The bond bear market gives no respite - not even a “safety bid” is able to lift prices at the long end of the curve, in TLT.

When comparing an equally weighted Commodities + Gold + Equities + Bonds portfolio (orange) against Cash (white), we see a similar mirror image equity curve emerging. In an environment where rising interest rates make Cash more scarce, every other asset class is bound for underperformance. We are monitoring this trend week after week for an inflection point that would signal a regime change. But for now, the inverse correlation is very present and will most likely continue until we see a pivot from Central Banks around the world.

Chart showing different correlation regimes between Cash and every other asset class combined - latest inverse correlation regime started in March 2022.

Summing up, the conclusion is the same this week as the last: our algorithms are looking to buy what’s working (Gold, to a certain extent) and are selling what’s not working (Stocks and Treasuries). Commodities have started a decline and are currently vulnerable, so our models are prone to closing that position if they have it.

 

Enterprise Strategy

 

Enterprise, our most conservative model, only carries 25% commodities exposure, with the rest of the portfolio allocated towards cash.

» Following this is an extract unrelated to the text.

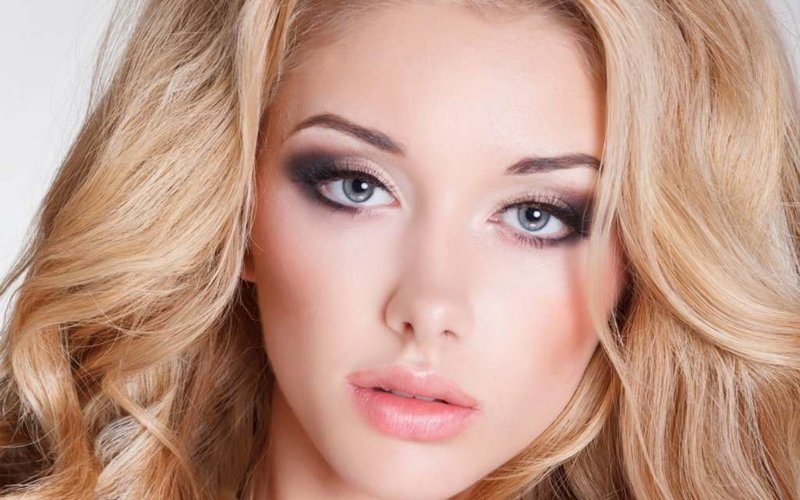 Maquillage lumineux pour la blonde aux yeux gris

Since this model only trades 4 asset class ETFs, we use it to judge overall portfolio positioning.

DBC allocation is completely above target and the position will be closed on any signal. While previously waiting for a more opportune moment to increase exposure, our strategy has shifted targeting due to the very sharp pullback experienced by commodities. If the situation improves without triggering a sell-signal, the model will adjust higher most probably.

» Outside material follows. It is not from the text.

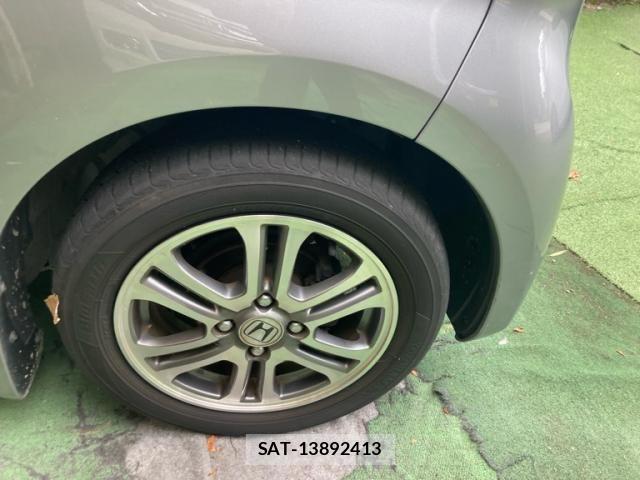 Honda N BOX 2017-11 7328738-9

GLD is also in the mix, with a target exposure of 7%. This rather small position shall be filled on any buy signal.

Cash reserves (USD) stand at 75%, adequate to hedge volatility.


 

Nostromo Strategy

 

Our cash-loving Nostromo strategy has managed to successfully navigate the current macro environment. Quite simply, there has been no better asset class as of late, and this model has taken full advantage of it. Plain and simple.

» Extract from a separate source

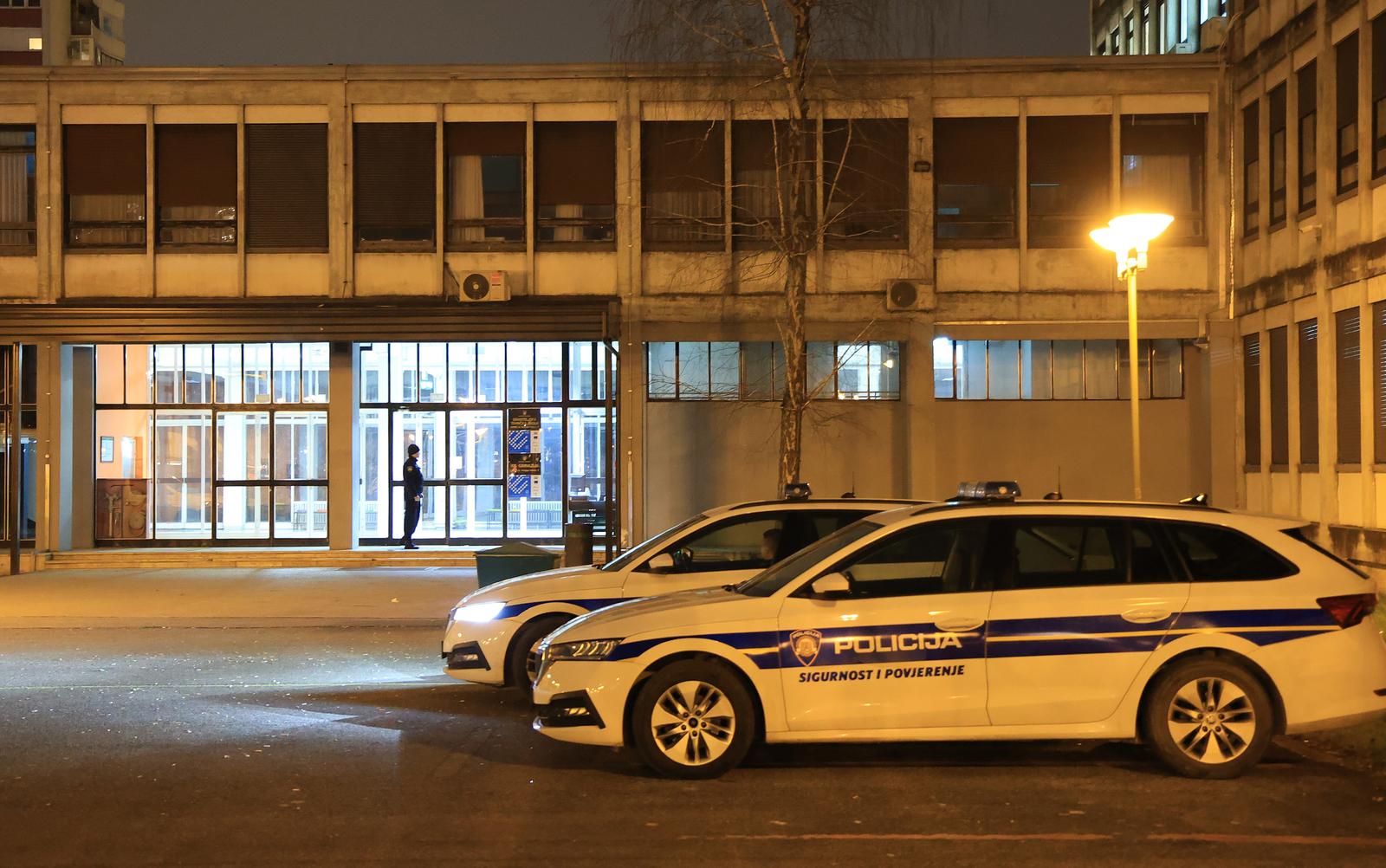 10.02.2025., Av. Veceslava Holjevca, Zagreb - Dojava o bombi u 13. gimnaziji, policija u pregledu skole. Photo: Marko Prpic/PIXSELL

For now, this model tells us that it’s best to remain neutral in our approach, as there are no buy triggers on the horizon. If there were any, allocation would go toward Gold.


 

Horizon Strategy

 

Horizon, our most aggressive strategy is always looking to gain exposure before the other models have a chance to trigger trades.

This week, Horizon is reducing Gold exposure even further, as the bet on the safety trade has not worked out (with equities ripping higher, all defensives underperformed).

Horizon has no current plans to initiate a position in any other asset class. Cash remains the preferred hedge - in other words, the model expects losses to mount in the months that follow.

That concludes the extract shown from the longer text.